Work to complete: Transcribe each record precisely; images stay out.

Task input:

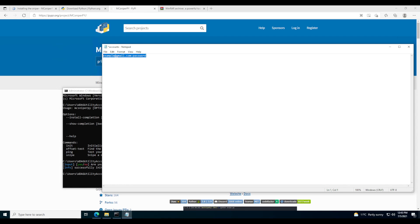If your account does have security questions, here's how you do it. After your email and password, add a colon and then your first security answer — the one that appears first on the page when you log in. Say my first answer was 'Jaws'. Then add another colon for the second security answer — say it's 'Steve'. Then one more colon for the third answer at the bottom of the page — say that answer was 'me'. That's how you enter security questions.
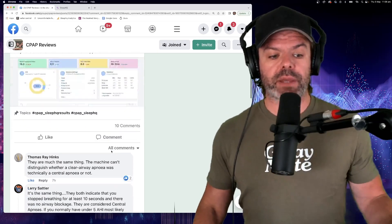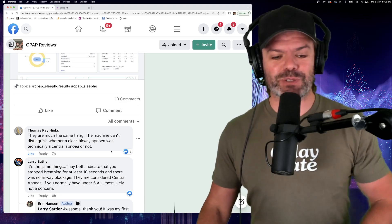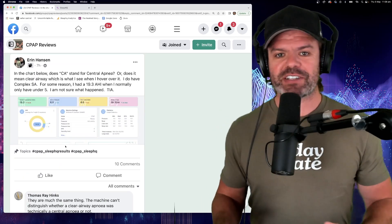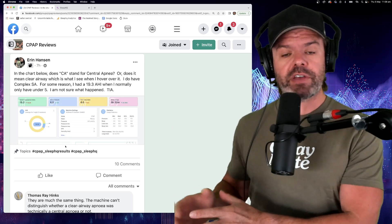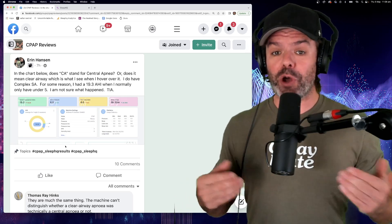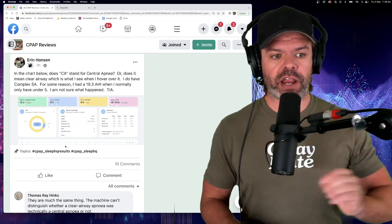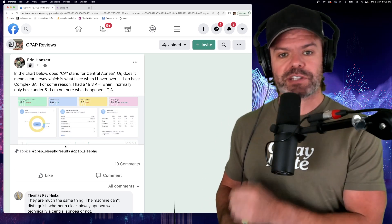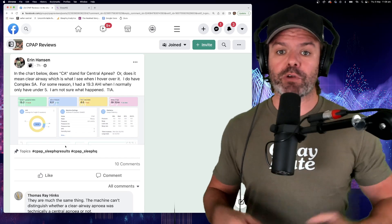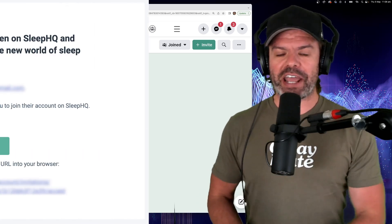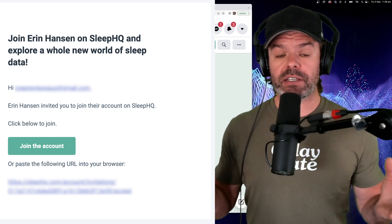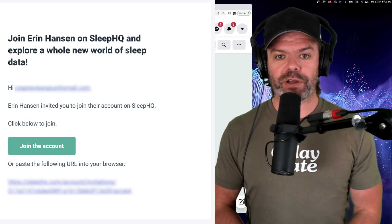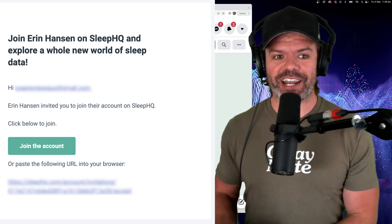You can already see people starting to provide helpful information, which is what's so great. So this totally fascinates me. When someone has an AHI normally under five and then all of a sudden it jumps up to 20, I want to know what's going on. So I shot Erin a message and just asked if she'd invite me to her Sleep HQ account so I could review her data. Five seconds later, I got an email link, clicked on the link and I was able to see exactly what was going on with Erin's data. All right, let's head over to Sleep HQ and check it out.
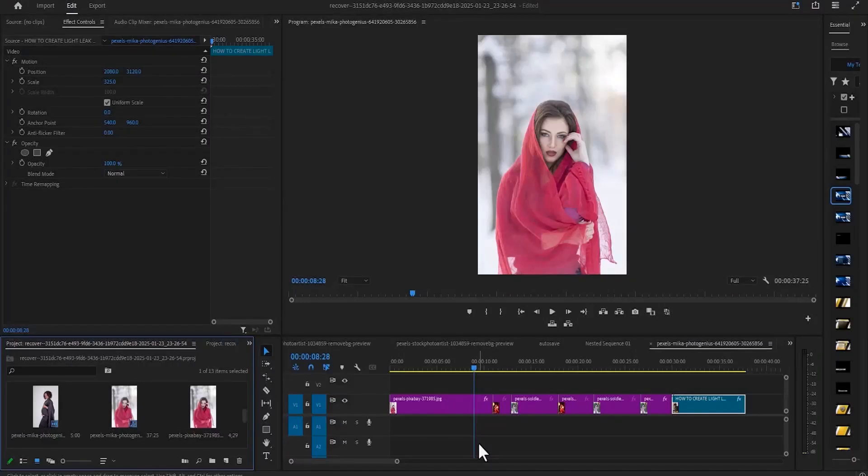Hello guys and welcome to another Adobe Premiere Pro tutorial. In this tutorial, I'm going to show you how to insert clips in between other clips in Premiere Pro.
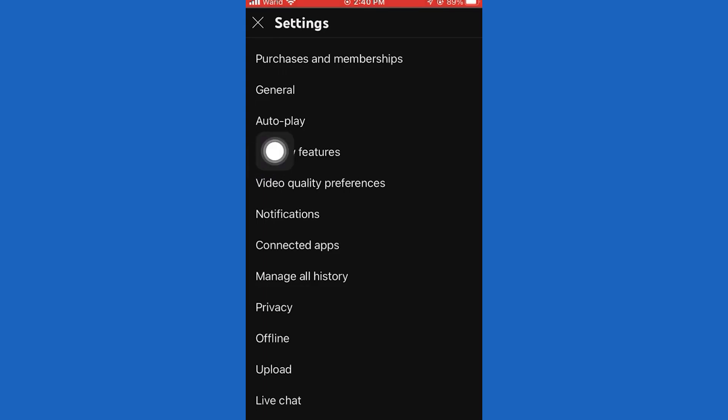When you open these YouTube settings, tap on video quality preferences, and you can disable it when you use mobile data or your Wi-Fi. I'll do this for my Wi-Fi settings, so click here, and you have three different options for each connection.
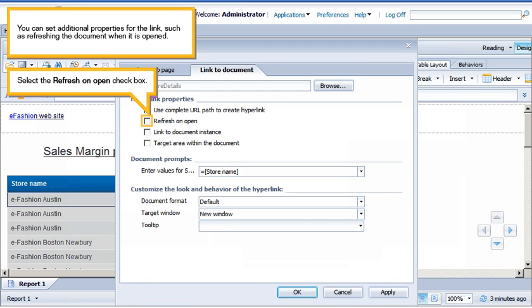You can set additional properties for the link, such as refreshing the document when it is opened. Select the Refresh on Open checkbox.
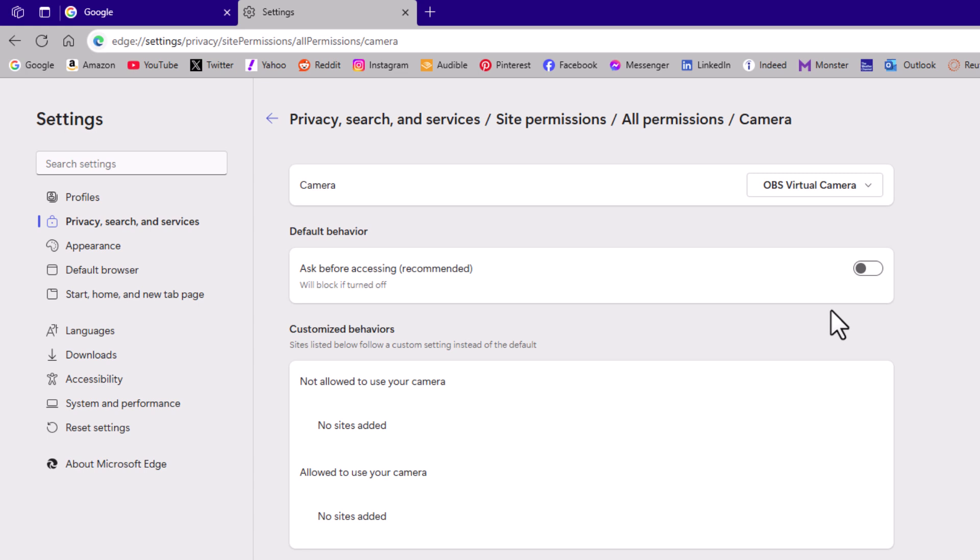That's how to enable or disable camera access on the Edge web browser. Thanks for watching.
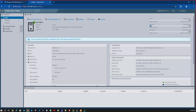I'll explain the console and the VMware ESXi host options that are available in the next video.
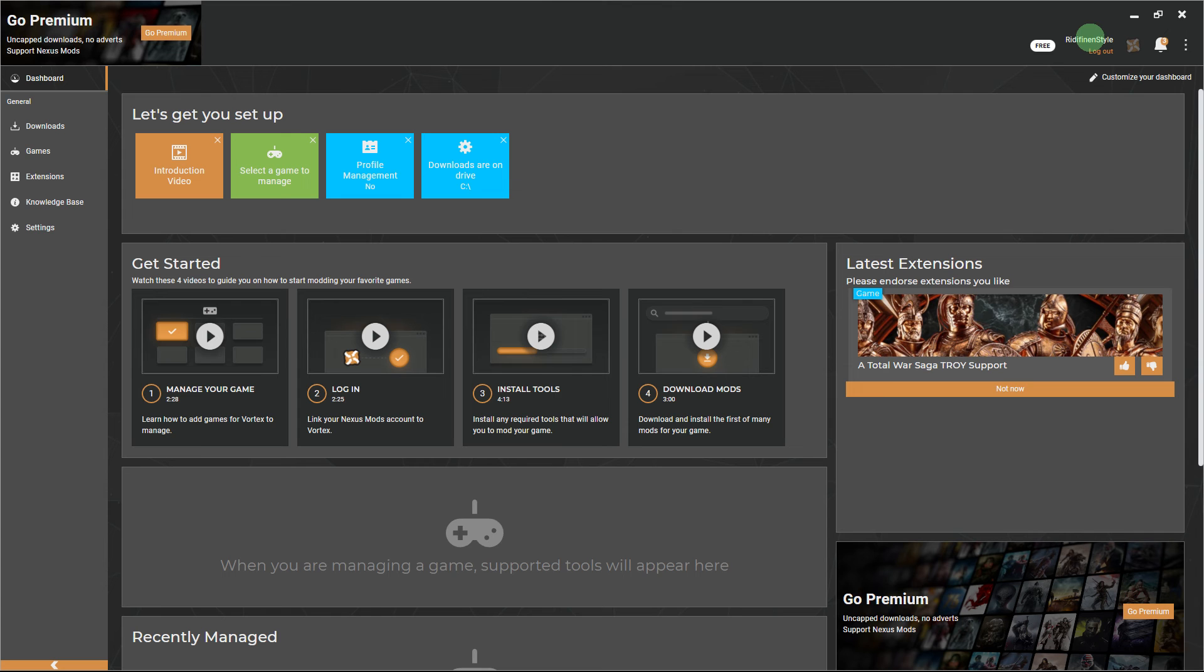Congratulations! You have now successfully downloaded the Nexus Mod Manager.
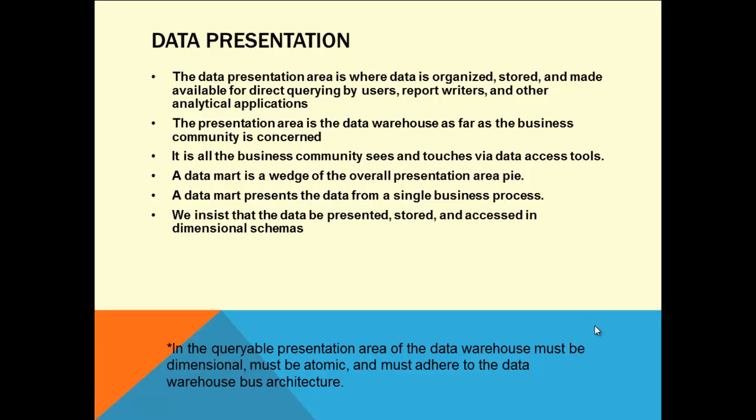We insist that data be presented, stored, and accessed in dimensional schemas. Dimensional schema means you look at how the product is doing in the market over time. They maintain data in all perspectives with respect to time. For example, car sales in India go up in November because of car festivals. They also maintain data with respect to items - woolen items are most popular in winter, while cotton items sell best in summer. You want to look through the product with time also as a dimension.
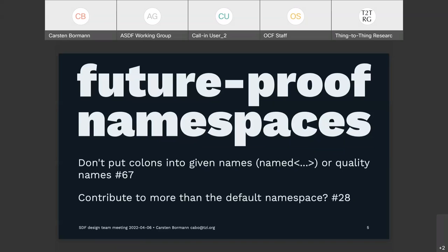We probably have to add something about SDF pointers and colons in them. Maybe that's just a corollary. That would be good to at least demonstrate that we have some understanding of the full impact.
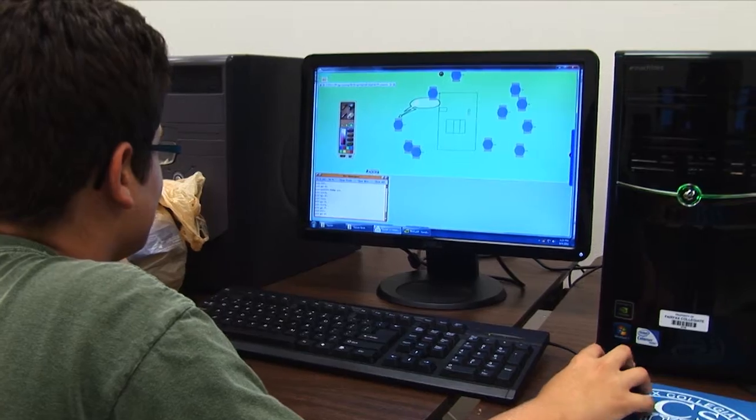Squeak is an editor where we program in something called the Smalltalk language. It's a certain type of programming language that you can use on the computer.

Response for this exercise:
If your account does have security questions, here's how you do it. After your email and password, add a colon and then your first security answer — the one that appears first on the page when you log in. Say my first answer was 'Jaws'. Then add another colon for the second security answer — say it's 'Steve'. Then one more colon for the third answer at the bottom of the page — say that answer was 'me'. That's how you enter security questions.
You can already see people starting to provide helpful information, which is what's so great. So this totally fascinates me. When someone has an AHI normally under five and then all of a sudden it jumps up to 20, I want to know what's going on. So I shot Erin a message and just asked if she'd invite me to her Sleep HQ account so I could review her data. Five seconds later, I got an email link, clicked on the link and I was able to see exactly what was going on with Erin's data. All right, let's head over to Sleep HQ and check it out.
Hello guys and welcome to another Adobe Premiere Pro tutorial. In this tutorial, I'm going to show you how to insert clips in between other clips in Premiere Pro.
When you open these YouTube settings, tap on video quality preferences, and you can disable it when you use mobile data or your Wi-Fi. I'll do this for my Wi-Fi settings, so click here, and you have three different options for each connection.
You can set additional properties for the link, such as refreshing the document when it is opened. Select the Refresh on Open checkbox.
That's how to enable or disable camera access on the Edge web browser. Thanks for watching.
I'll explain the console and the VMware ESXi host options that are available in the next video.
Congratulations! You have now successfully downloaded the Nexus Mod Manager.
We insist that data be presented, stored, and accessed in dimensional schemas. Dimensional schema means you look at how the product is doing in the market over time. They maintain data in all perspectives with respect to time. For example, car sales in India go up in November because of car festivals. They also maintain data with respect to items - woolen items are most popular in winter, while cotton items sell best in summer. You want to look through the product with time also as a dimension.
We probably have to add something about SDF pointers and colons in them. Maybe that's just a corollary. That would be good to at least demonstrate that we have some understanding of the full impact.
Squeak is an editor where we program in something called the Smalltalk language. It's a certain type of programming language that you can use on the computer.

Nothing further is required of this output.